Now you may be thinking, "Oh no, he is going to start on an AoC rant about how great it is," well I would love to, but that is not what the blog is about, what it is about is the way players manage to deal with their families while juggling the rigors of an MMO, and this is something I got a new insight into in the guild I joined.

The advantage of AoC when dealing with guilds is that adult gamers are not hard to find, with the adult themes and violence then many respectable parents will not let their kids play the game (or at least no knowing parents), this leads to numerous family orientated adults who in other games seem somewhat harder to find in the mix of youth. This was exactly what I found in my guild, a bunch of fathers and husbands.

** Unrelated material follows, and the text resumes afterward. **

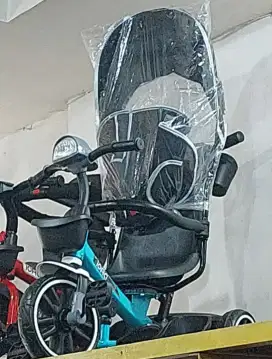 Sepeda Roda Tiga Tricycle PMB Iora T15 (kursi putar 360, musik, led)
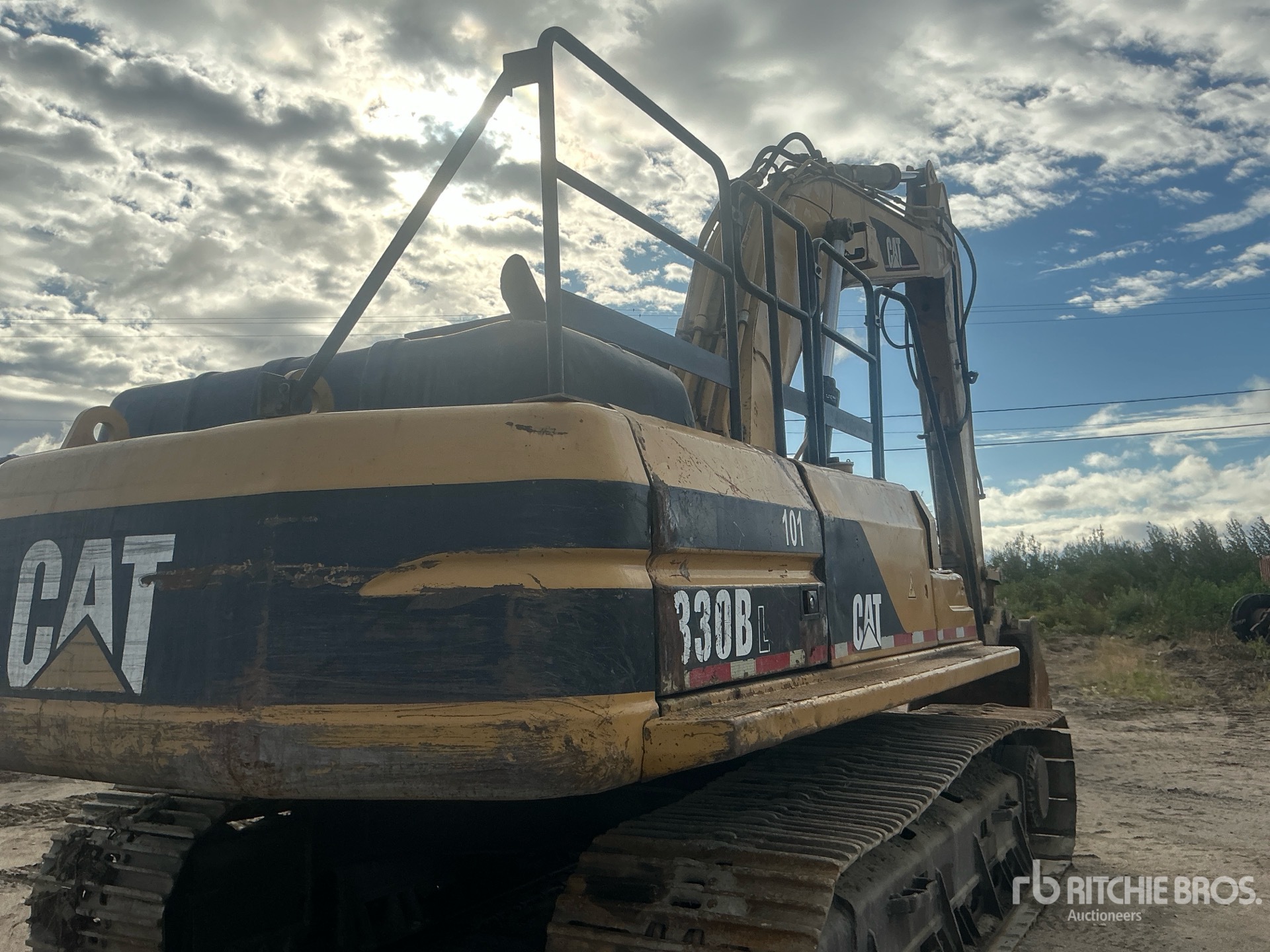 1998 Caterpillar 330B L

It is an amazing thing to be in a guild where you suddenly hear on vent a little toddler ask his father for dinner, it is even more amazing when that father says he has to leave to have dinner, it is triply more amazing when the rest of the guild is not annoyed, and in fact encourage it. Hearing spouses, kids, and friends in the background of vent is something I have not experienced before, and it feels odd.

The oddity comes in that the guild family extends further than the game, when you realise that each player has a family, friends and spouses you think of the guild being much larger than it really is. While a good guild often looks after its members, a mature guild looks after its family, whether that be in the game, or encouraging them to have a normal life. Appreciating that the wellbeing of your guild also involves the relationships outside the game is something I think many younger gamers forget.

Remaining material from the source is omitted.